Daniel Kokotajlo 13 Apr 2026 12:53 UTC
6 points
0
on: We need Git for AI Timelines
It seems that your proposal is different from what we at AIFP already do in two ways:
(1) Lots of forecasters, not just AIFP, would maintain their distributions on the same platform. That would be convenient for viewers wanting to compare forecasts.

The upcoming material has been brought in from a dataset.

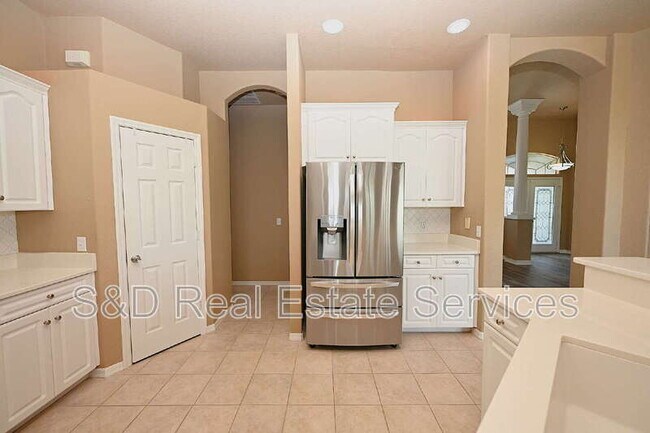 Building Photo - 2618 High Ridge Dr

(2) The setup would encourage more frequent minor updates (e.g. me adjusting a parameter down slightly because I’m impressed by a model) whereas right now we are bundling our updates together into quarterly updates.

Is this right or am I missing something?

Daniel Kokotajlo 10 Apr 2026 13:14 UTC
22 points
24
on: Have we already lost? Part 2: Reasons for Doom
the AI Safety community does not really have an independent existence outside of Anthropic.
This feels like an exaggeration. There are loads of AI safety orgs that aren’t Anthropic. If what you are saying is that too much of the AI safety ecosystem is too friendly to Anthropic, just say that instead.